Debería ser dura la infancia de un niño-tortuga, sino fuera porque la tortuga no conoce otra forma de vida. Acepta su temprana orfandad con la misma naturalidad con la que aprende a nadar o con la que enterrará el día de mañana sus propios huevos en alguna playa desierta. La verdad sea dicha, cuando eres tortuga, nadie espera demasiado de tí ni de tus actos…
En teoría, hay una serie de hechos que diferencian a los seres humanos y a las tortugas. Podría citar cientos de elementos diferenciadores a poco que lo pensara pero, para no alargarme ad perpetuum, he optado por haceros una breve selección de los puntos en discordia más significativos:
- Las tortugas llevan su casa a cuestas todo el tiempo. Nosotros no lo hacemos pero, teniendo en cuenta lo caras que están las hipotecas y el tamaño de los pisos que nos permiten comprar los bancos, tambien podríamos llevarlas a cuestas, si quisiéramos.
- Las tortugas se esconden dentro de su caparazón siempre que sienten alguna amenaza. Nosotros, por el contrario, nos escondemos bajo el nick anónimo de nuestros perfiles en redes sociales y, desde allí, lanzamos dardos agudos como «pues anda, que tú…» y otros.
- La mayoría de las tortugas no tienen trabajo. Nosotros, sin embargo, tenemos orejas.
- Ninguna tortuga admitirá jamás tener la culpa de un accidente de tráfico. Nosotros lo tenemos mas claro: la culpa es del que tiene el coche mas caro (por eso, Línea Tortuga Aseguradora ni cubre tortugas-berlina ni asegura a los humanos).
- Una tortuga educada solo habla del estado de las corrientes cuando se cruza con una vecina en el ascensor. Nosotros, sin embargo, miramos disimuladamente el culo de nuestra vecina. Siempre y cuando no sea una tortuga.
- En los bares y restaurantes para humanos no se puede fumar. En los bares y restaurantes para tortugas, por el contrario, está permitido. Pero como están todos debajo del agua, resulta harto complicado encenderse un pitillo.

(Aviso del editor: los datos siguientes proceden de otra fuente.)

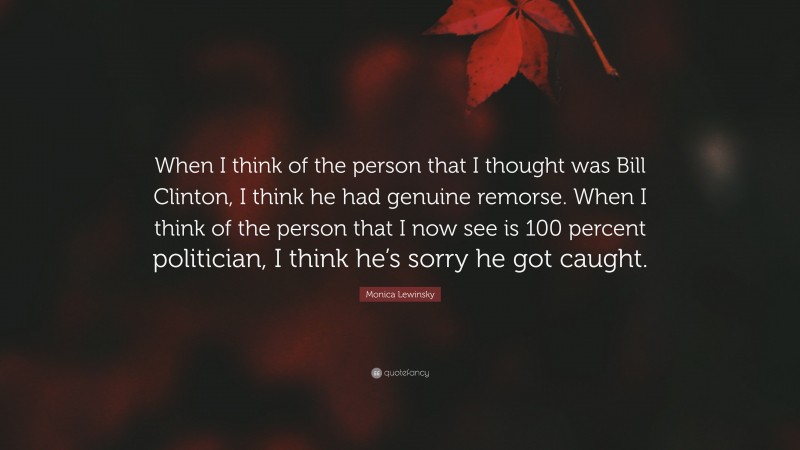 Monica Lewinsky Quote: “When I think of the person that I thought was Bill Clinton, I think he had genuine remorse. When I think of the person that I now see is 100 percent politician, I think he’s sorry he got caught.”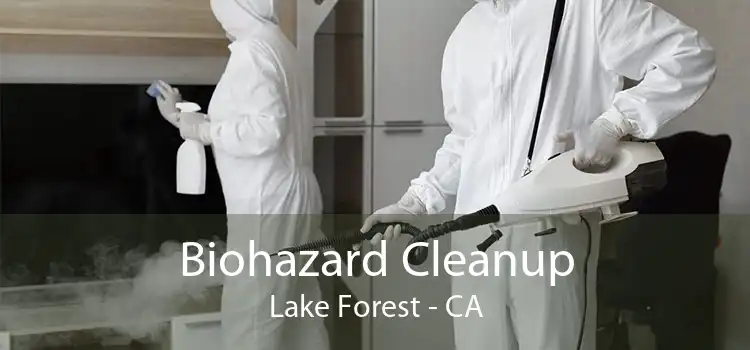 Biohazard Cleanup Lake Forest - CA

- Las tortugas abandonan a sus hijos a su suerte y riesgo, dejándolos expuestos a las amenazas de tiburones y orcas. Los humanos, para ese menester, ya tenemos a nuestros políticos, que nos dan el mismo cariño maternal y nos abandonan a la suerte de agencias de riego, expedientes de regulación de empleo, cajas de ahorro en bancarrota y demás carroñeros.
Visto lo visto, a lo mejor resulta que humanos y tortugas no somos tan diferentes, después de todo.
O tal vez sí. Porque, bien pensado, los humanos jamás nos atreveríamos a dejar a nuestros hijos solos y abandonados a su suerte, enredados con una lista interminable de clases extraescolares y bajo el cuidado de la asistenta, mientras nosotros nos entregamos al trabajo en jornadas de catorce horas diarias, sin apenas oportunidad de ver a nuestros cachorros bajo la luz solar de lunes a viernes.
Eso es algo que un humano jamás consentiría. Sería como ponerse a la altura moral de una tortuga – con perdón para mis queridas tortugas -.
O por debajo de ellas, incluso. Al fin y al cabo, hay cosas que ni una tortuga estaría dispuesta a aceptar y por la que nosotros pasamos con suma docilidad.
Ahora solo me queda dilucidar cuál es la especie más evolucionada de las dos. Y me temo que la respuesta no viene en la Wikipedia… Estoy perdido. Como una tortuga, sin ir mas lejos.